**Assignment:**
Beginning at whichever line contains "Feed the Kitty Cat Game Скриншот 0", reproduce each line of the records below word for word, ending with the last, and add nothing.

**Records for this task:**
####

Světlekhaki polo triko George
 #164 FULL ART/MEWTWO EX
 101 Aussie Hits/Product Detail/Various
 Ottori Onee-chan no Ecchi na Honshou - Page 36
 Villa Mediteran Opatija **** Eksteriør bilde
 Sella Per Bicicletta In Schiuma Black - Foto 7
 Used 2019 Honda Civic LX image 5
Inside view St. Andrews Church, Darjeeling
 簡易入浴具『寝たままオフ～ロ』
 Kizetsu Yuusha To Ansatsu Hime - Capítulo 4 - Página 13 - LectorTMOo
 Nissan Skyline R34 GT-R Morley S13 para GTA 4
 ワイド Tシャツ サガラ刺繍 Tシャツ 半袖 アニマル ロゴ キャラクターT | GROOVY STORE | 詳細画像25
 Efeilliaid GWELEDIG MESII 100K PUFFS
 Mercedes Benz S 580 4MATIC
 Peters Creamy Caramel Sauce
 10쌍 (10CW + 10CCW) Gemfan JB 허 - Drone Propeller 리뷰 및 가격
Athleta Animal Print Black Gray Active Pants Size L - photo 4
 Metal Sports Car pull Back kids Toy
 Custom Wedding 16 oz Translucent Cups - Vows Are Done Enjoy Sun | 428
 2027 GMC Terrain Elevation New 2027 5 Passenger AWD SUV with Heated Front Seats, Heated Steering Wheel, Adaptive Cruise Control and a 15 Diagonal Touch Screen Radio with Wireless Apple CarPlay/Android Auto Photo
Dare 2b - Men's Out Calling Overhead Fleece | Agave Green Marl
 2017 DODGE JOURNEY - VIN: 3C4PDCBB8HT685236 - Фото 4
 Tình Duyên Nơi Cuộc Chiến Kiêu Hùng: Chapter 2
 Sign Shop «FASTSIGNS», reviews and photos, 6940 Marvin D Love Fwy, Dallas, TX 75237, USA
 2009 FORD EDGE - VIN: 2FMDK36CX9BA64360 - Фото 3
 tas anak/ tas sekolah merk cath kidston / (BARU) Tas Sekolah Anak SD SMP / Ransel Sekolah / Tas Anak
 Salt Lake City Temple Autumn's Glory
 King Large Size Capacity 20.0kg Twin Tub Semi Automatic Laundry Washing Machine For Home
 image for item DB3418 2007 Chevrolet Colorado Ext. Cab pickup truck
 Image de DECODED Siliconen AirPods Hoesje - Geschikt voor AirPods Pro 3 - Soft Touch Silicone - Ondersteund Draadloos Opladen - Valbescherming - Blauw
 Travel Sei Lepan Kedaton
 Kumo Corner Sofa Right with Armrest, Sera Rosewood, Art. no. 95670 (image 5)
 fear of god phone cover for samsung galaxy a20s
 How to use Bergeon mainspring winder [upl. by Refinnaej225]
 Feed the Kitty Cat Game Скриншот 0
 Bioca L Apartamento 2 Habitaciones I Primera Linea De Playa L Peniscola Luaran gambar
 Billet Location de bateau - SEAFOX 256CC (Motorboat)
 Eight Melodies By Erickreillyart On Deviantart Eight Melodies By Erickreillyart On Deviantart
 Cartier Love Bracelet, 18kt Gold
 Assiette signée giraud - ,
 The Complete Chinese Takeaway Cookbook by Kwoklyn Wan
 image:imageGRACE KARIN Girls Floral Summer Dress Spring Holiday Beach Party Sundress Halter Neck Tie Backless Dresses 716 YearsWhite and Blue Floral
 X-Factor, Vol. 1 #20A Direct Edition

####

**Response area:**
 Feed the Kitty Cat Game Скриншот 0
 Bioca L Apartamento 2 Habitaciones I Primera Linea De Playa L Peniscola Luaran gambar
 Billet Location de bateau - SEAFOX 256CC (Motorboat)
 Eight Melodies By Erickreillyart On Deviantart Eight Melodies By Erickreillyart On Deviantart
 Cartier Love Bracelet, 18kt Gold
 Assiette signée giraud - ,
 The Complete Chinese Takeaway Cookbook by Kwoklyn Wan
 image:imageGRACE KARIN Girls Floral Summer Dress Spring Holiday Beach Party Sundress Halter Neck Tie Backless Dresses 716 YearsWhite and Blue Floral
 X-Factor, Vol. 1 #20A Direct Edition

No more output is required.